Exact copy, no pictures: output each line below as it stands.
** Provided records follows **
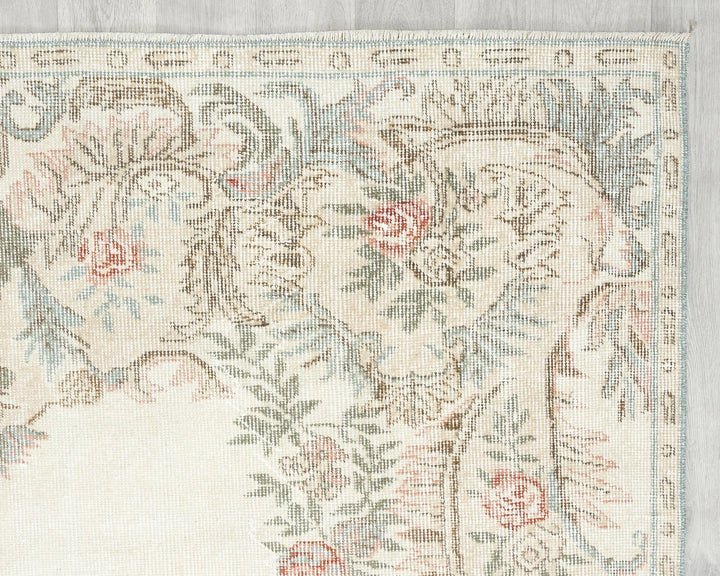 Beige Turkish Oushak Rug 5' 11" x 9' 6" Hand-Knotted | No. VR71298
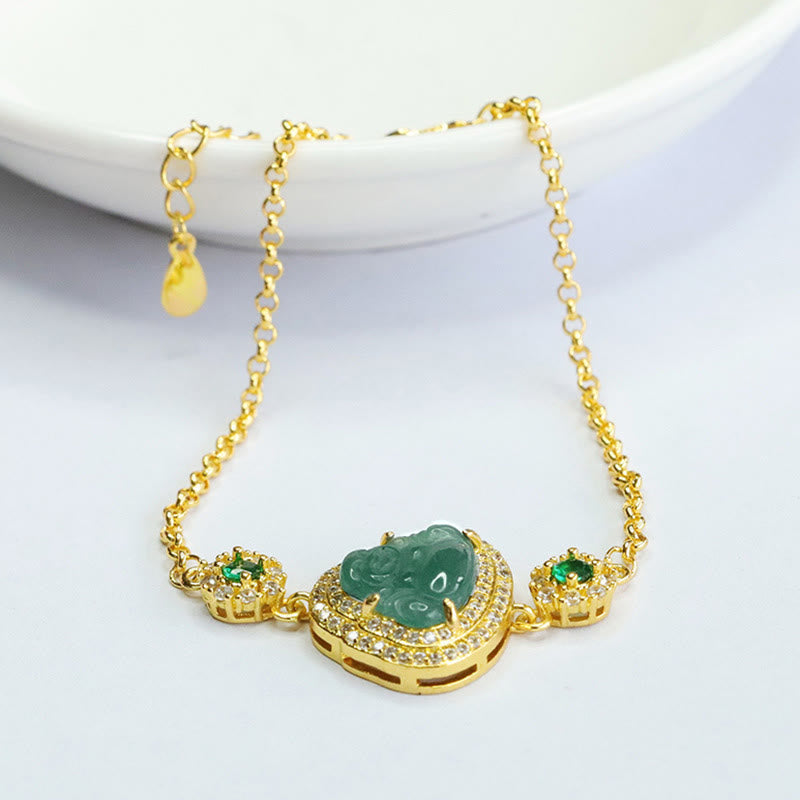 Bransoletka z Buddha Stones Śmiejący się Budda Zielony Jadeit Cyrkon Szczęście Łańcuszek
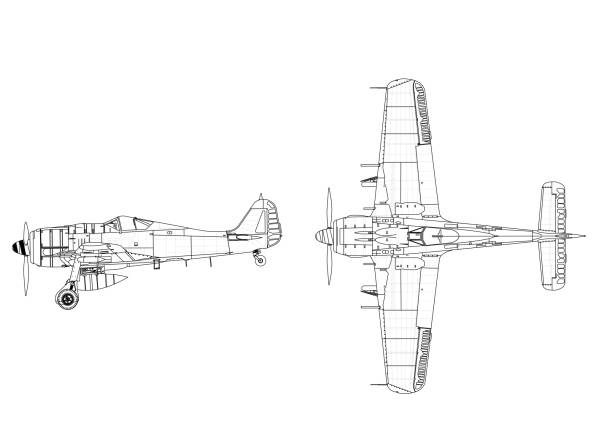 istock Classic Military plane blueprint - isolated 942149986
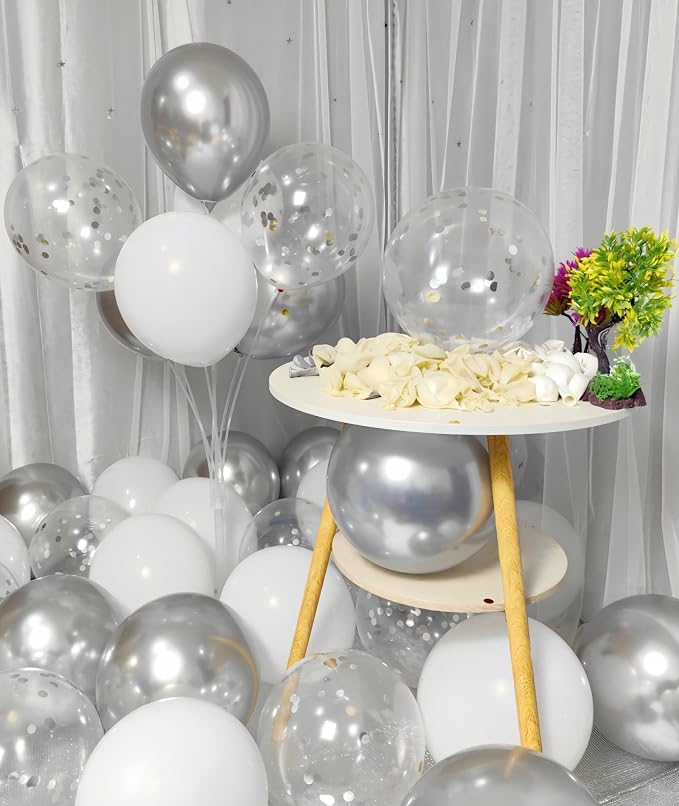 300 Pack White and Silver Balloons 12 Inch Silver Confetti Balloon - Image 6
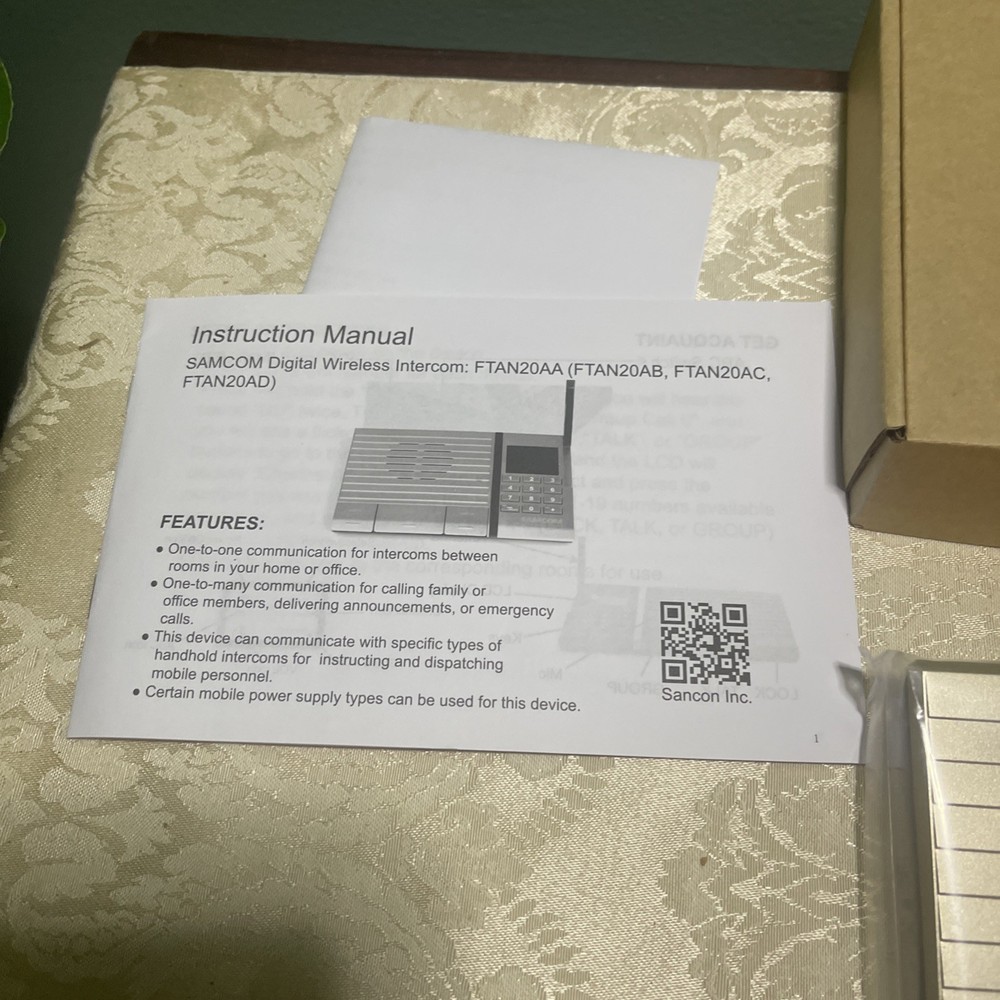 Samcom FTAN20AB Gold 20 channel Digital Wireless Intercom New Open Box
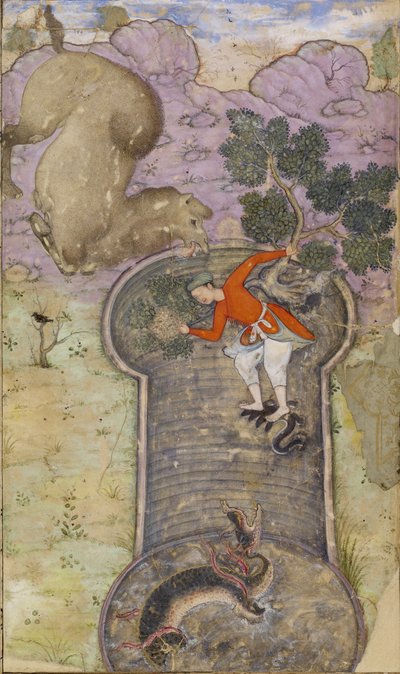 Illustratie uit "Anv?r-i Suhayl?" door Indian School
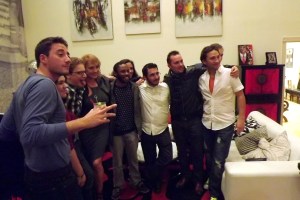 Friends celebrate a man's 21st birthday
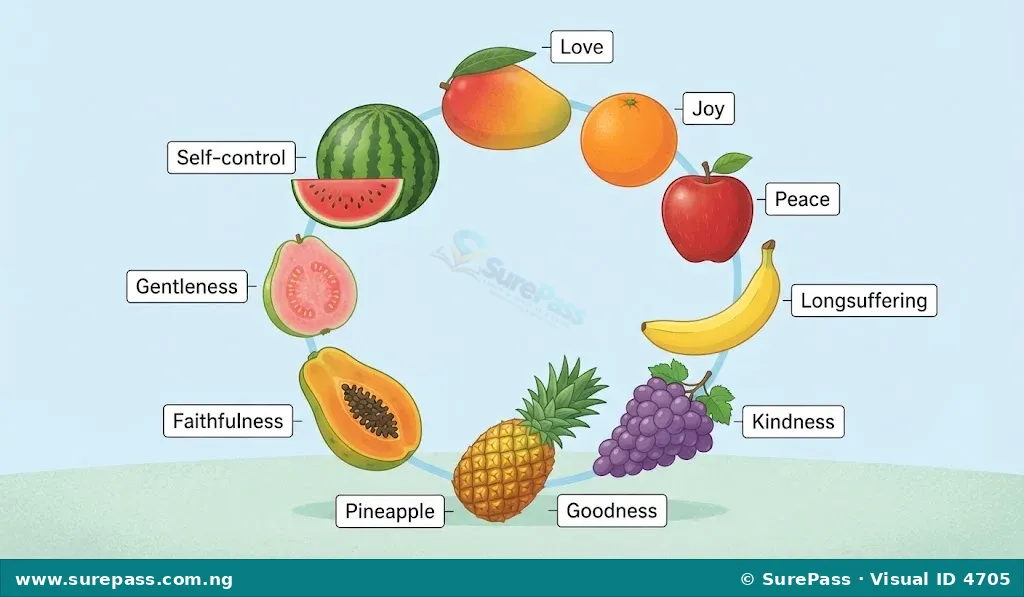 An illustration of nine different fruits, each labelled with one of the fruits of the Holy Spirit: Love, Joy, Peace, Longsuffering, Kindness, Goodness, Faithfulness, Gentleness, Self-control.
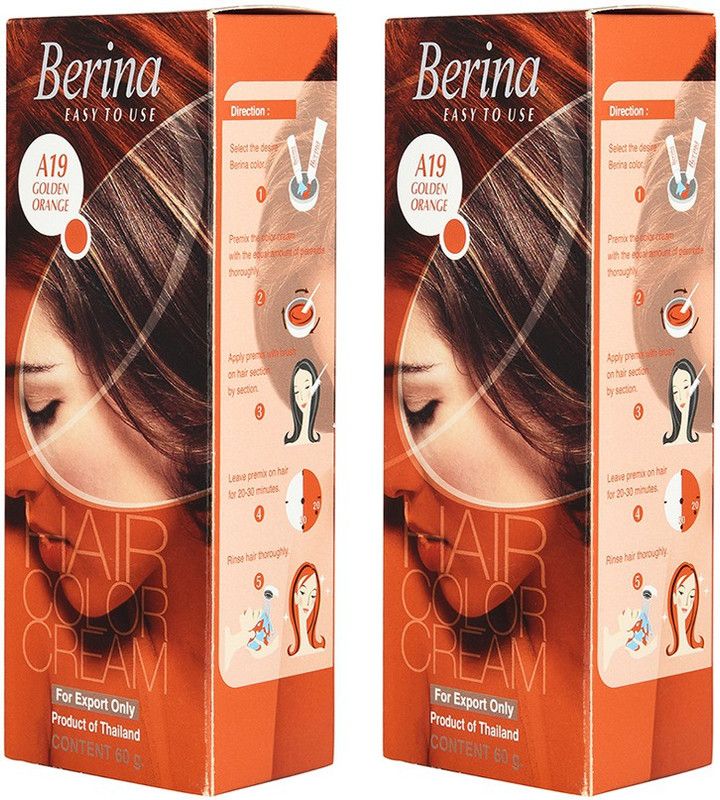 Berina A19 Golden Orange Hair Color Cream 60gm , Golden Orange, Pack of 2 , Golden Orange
** End of Provided records **
Your response:
 Beige Turkish Oushak Rug 5' 11" x 9' 6" Hand-Knotted | No. VR71298
 Bransoletka z Buddha Stones Śmiejący się Budda Zielony Jadeit Cyrkon Szczęście Łańcuszek
 istock Classic Military plane blueprint - isolated 942149986
 300 Pack White and Silver Balloons 12 Inch Silver Confetti Balloon - Image 6
 Samcom FTAN20AB Gold 20 channel Digital Wireless Intercom New Open Box
 Illustratie uit "Anv?r-i Suhayl?" door Indian School
 Friends celebrate a man's 21st birthday
 An illustration of nine different fruits, each labelled with one of the fruits of the Holy Spirit: Love, Joy, Peace, Longsuffering, Kindness, Goodness, Faithfulness, Gentleness, Self-control.
 Berina A19 Golden Orange Hair Color Cream 60gm , Golden Orange, Pack of 2 , Golden Orange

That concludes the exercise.